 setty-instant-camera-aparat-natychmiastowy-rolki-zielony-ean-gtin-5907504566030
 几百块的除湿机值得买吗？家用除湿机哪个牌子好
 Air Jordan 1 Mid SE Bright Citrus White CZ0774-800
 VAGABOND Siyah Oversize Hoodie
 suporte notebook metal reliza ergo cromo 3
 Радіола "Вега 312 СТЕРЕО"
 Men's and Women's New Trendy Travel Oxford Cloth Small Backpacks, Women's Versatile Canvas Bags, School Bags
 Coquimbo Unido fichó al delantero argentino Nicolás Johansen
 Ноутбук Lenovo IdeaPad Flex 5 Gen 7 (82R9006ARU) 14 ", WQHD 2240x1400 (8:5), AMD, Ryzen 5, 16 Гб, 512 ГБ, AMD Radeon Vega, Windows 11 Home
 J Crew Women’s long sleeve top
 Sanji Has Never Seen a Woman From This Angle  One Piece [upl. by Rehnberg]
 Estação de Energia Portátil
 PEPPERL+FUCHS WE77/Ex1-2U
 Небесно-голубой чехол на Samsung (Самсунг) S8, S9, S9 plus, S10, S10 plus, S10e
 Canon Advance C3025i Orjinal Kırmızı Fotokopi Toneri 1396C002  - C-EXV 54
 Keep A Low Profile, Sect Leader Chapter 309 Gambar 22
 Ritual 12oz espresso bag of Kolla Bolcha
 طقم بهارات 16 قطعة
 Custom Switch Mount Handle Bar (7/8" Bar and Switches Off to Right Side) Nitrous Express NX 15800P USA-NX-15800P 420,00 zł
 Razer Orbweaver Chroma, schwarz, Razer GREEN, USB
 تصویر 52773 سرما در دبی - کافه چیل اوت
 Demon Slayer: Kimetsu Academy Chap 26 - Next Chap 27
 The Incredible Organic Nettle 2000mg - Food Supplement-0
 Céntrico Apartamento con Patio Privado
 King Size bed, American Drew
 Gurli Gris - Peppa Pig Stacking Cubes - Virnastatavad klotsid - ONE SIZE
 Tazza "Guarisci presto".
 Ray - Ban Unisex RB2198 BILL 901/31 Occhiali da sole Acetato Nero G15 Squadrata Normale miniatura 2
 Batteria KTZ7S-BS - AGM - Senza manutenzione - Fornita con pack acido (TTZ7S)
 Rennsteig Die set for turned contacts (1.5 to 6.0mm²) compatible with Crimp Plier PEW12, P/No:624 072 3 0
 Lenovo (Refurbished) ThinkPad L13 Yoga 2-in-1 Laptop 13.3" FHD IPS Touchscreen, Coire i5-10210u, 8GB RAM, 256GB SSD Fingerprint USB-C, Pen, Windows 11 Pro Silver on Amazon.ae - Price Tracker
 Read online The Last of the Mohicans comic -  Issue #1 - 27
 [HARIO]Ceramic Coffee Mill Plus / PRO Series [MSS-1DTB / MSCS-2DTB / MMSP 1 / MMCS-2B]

● Your objective: Scan the data above for the word "Women", then copy every line that holds it.

● Your solution:
 Men's and Women's New Trendy Travel Oxford Cloth Small Backpacks, Women's Versatile Canvas Bags, School Bags
 J Crew Women’s long sleeve top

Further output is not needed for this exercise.